È come se invece di essere girato con una macchina da presa, il film fosse stato “scritto” da lui. Guardi lo schermo e leggi un libro. Non solo Eastwood interpreta e dirige un attore con gli stessi anni, come lui sugli ottanta. Per la precisione, lui nella realtà ne compirà ottantanove in maggio. Non si ricorda che nella storia di Hollywood ci sia stato un altro attore-regista della sua età. Una larga parte del film «si accorda direttamente alla sua vita», dice il critico e storico del cinema Todd Mc Carthy , amico di Clint da decenni.
Eastwood non e più da tempo l’eroe degli spaghetti-western di Sergio Leone, né noi siamo più da tempo gli spettatori che vedendoli rimpiangevamo John Ford. Lui ha conservato la silhouette snella, elegante, e anche l’occhio blu. Ai progressivi cambiamenti fisici eravamo abituati, nello scorrere degli anni. In “Il corriere-The Mule” mostra tutta la sua età, quella reale. Senza trucco. La esibisce come Marilyn Monroe le forme. Un’età portata con tanta disinvoltura e con ironia sembra leggera. Tale deve essere anche fuori dallo schermo. Realizzare un film su se stesso e interpretarlo richiede riflessi rari.

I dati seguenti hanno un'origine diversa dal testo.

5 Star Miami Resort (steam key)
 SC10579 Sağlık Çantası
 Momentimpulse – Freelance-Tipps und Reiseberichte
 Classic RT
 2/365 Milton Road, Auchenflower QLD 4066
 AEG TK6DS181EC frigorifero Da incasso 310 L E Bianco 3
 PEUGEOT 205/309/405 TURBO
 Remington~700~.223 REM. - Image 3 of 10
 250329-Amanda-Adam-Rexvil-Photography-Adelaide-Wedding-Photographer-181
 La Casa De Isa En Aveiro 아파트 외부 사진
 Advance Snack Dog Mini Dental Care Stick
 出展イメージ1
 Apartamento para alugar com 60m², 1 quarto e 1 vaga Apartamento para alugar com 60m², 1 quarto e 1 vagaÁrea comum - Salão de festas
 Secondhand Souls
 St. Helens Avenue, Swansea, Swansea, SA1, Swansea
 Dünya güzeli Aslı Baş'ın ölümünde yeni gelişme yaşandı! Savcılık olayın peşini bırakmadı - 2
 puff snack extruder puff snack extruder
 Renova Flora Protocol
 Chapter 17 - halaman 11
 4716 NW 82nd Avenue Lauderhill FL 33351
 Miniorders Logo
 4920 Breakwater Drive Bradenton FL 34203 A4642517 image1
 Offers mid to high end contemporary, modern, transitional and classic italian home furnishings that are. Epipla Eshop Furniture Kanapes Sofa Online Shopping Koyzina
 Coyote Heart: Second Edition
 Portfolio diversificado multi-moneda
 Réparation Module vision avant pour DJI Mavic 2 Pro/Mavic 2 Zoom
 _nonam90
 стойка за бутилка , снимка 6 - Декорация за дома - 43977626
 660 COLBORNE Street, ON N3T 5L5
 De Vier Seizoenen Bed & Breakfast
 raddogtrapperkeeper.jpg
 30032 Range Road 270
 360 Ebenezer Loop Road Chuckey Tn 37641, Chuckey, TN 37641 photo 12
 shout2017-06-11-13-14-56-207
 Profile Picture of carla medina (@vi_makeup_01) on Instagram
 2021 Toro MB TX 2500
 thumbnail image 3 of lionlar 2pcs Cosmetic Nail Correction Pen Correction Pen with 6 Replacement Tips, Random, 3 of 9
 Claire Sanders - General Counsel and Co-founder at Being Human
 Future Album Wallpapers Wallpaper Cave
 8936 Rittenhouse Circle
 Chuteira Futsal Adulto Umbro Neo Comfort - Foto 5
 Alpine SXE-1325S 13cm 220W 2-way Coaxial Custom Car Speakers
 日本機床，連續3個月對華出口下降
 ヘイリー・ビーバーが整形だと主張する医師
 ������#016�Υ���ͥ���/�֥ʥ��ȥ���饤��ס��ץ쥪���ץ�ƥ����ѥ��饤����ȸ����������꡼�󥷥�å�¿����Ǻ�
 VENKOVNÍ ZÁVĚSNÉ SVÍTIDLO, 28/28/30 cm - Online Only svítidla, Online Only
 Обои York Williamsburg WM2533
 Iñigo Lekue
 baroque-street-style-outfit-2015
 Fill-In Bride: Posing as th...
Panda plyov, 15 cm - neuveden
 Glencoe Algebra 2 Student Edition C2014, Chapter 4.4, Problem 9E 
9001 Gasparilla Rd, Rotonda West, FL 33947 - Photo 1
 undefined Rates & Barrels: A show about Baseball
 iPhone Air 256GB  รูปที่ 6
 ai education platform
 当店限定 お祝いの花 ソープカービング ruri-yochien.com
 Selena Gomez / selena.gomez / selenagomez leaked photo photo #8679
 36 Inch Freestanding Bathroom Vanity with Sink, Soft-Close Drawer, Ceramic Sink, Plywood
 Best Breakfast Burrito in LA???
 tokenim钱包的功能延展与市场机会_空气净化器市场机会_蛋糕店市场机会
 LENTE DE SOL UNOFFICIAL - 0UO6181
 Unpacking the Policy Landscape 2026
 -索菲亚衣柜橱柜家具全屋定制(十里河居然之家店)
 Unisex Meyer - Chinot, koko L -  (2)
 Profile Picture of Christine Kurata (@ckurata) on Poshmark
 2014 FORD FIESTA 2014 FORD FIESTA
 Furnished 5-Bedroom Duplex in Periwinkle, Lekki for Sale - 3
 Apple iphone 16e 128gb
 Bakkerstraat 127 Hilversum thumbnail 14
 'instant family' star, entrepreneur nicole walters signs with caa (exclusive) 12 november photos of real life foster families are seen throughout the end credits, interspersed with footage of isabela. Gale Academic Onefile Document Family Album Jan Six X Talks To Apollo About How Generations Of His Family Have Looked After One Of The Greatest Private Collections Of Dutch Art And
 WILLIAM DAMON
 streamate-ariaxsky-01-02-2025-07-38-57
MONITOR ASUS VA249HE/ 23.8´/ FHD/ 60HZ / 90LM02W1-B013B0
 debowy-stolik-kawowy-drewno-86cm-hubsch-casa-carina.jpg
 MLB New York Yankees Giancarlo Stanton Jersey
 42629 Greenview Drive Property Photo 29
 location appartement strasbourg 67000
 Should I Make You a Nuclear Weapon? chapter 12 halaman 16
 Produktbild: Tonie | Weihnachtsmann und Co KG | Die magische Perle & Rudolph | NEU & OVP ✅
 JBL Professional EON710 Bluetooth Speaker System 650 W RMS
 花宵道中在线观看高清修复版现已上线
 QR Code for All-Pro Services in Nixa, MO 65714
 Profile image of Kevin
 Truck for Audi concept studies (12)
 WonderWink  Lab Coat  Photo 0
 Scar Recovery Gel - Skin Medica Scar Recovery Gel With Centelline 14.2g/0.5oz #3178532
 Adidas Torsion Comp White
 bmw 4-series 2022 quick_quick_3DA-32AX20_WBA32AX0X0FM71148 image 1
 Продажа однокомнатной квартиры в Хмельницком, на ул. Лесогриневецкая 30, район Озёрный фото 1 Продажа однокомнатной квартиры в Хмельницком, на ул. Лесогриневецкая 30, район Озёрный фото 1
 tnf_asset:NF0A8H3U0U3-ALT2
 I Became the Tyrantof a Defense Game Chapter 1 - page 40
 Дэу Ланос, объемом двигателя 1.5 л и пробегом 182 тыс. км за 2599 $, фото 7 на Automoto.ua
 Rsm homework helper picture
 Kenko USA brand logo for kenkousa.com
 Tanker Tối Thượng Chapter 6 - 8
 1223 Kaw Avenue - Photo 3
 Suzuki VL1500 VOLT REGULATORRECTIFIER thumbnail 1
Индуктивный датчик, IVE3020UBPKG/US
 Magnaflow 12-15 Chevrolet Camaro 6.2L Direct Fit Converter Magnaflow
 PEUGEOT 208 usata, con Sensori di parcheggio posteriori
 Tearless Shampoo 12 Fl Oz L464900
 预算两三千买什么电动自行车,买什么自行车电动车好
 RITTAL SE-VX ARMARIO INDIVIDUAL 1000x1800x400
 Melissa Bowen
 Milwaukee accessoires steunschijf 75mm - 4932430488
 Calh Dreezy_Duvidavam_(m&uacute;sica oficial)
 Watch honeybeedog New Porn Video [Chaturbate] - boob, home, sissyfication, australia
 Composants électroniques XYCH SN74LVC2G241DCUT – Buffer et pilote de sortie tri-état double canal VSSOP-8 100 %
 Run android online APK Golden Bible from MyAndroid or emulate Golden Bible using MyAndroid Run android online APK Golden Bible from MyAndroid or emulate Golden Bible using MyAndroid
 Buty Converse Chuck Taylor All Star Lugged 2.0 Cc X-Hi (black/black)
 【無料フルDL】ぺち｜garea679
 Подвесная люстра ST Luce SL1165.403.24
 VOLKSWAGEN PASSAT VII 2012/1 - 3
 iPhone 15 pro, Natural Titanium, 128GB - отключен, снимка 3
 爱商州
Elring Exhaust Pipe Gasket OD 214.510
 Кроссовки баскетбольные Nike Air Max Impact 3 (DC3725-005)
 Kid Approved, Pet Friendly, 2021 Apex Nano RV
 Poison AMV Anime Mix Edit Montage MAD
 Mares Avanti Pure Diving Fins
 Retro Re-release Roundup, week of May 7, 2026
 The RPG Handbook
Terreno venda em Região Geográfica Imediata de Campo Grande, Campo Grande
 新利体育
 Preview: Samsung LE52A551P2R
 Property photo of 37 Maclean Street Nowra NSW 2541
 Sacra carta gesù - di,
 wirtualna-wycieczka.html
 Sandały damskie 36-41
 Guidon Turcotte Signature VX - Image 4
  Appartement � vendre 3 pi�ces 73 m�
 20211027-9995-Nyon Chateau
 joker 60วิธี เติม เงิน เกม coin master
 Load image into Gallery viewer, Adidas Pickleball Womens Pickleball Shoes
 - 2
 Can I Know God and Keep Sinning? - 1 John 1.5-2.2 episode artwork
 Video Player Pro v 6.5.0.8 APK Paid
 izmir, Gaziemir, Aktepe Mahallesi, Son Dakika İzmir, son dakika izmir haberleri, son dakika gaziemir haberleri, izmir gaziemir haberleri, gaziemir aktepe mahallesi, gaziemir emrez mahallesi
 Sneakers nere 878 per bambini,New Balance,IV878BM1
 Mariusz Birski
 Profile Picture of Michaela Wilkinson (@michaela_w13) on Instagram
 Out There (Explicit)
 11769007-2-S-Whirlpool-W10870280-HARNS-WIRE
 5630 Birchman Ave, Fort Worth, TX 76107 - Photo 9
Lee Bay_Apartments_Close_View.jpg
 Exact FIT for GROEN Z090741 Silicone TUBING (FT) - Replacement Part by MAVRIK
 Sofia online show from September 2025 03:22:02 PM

Il racconto si snoda come un thriller, ma è piuttosto la storia di un nonno, Earl Stone, che non ce la fa più a campare coltivando daylilies (emerocallidi o gigli di un giorno), fiori di cui è un appassionato specialista. Fiori che durano ventiquattro ore e che rammentano la fragilità di ogni creazione. Anche quella dei film. Valeva la pena dedicargli la vita, trascurando gli affetti familiari? A far giustizia sarà il fallimento dei piccoli commerci provocato dai nuovi metodi di vendita (on line). Earl Stone, il vecchio floricultore, che ha preferito gli effimeri daylilies a mogli e figli, perde la casa e l’ orto. A salvarlo dalla miseria è l’inaspettata offerta di fare il corriere per una banda di trafficanti messicani di droga. Il nuovo lavoro, di cui non capisce subito la natura criminale, gli dà la possibilità di uscire dai guai finanziari. Lo fa ricco alla fine della vita e gli pone al tempo stesso problemi morali. Il vecchio Earl Stone è commovente e divertente. È stato un soldato e non lo spaventano i mitra e le minacce dei trafficanti che lo pagano e lo vogliono ubbidiente. Sa essere spiritoso quando gli offrono come premio due prostitute con le quali passare la notte. E lui dice: «Bisogna che vi dia il numero del mio cardiologo». I dollari incassati a ogni viaggio, con la cocaina nel bagagliaio, li distribuisce ad associazioni benefiche, ad amici in difficoltà, e, soprattutto, ai membri della famiglia ritrovata. Alison, figlia di Clint, nel film è Iris, la figlia recuperata da Earl Stone. Ma anche dal padre vero.
Clint Eastwood interpreta se stesso. Non che gli sia capitato di fare il corriere della droga. Il cinema gli serve per esprimere il senso di colpa che, secondo l’ amico Todd Mc Carthy, l’accompagna al tramonto della vita. Una vita durante la quale ha trascurato tutto per il lavoro. Sposato e divorziato due volte, Clint Eastwood ha avuto sette figli (numero, pare, approssimativo) da una mezza dozzina di donne. Stando ai giornali scandalistici, ci sarebbero stati parti simultanei. Lui non era distratto da quelle nascite: era troppo impegnato come regista o attore, o come regista-attore. Due o tre film all’anno. Quando Earl Stone, il protagonista, finisce in prigione, Iris, la figlia, gli dice: «Adesso, almeno, sapremo dove trovarti».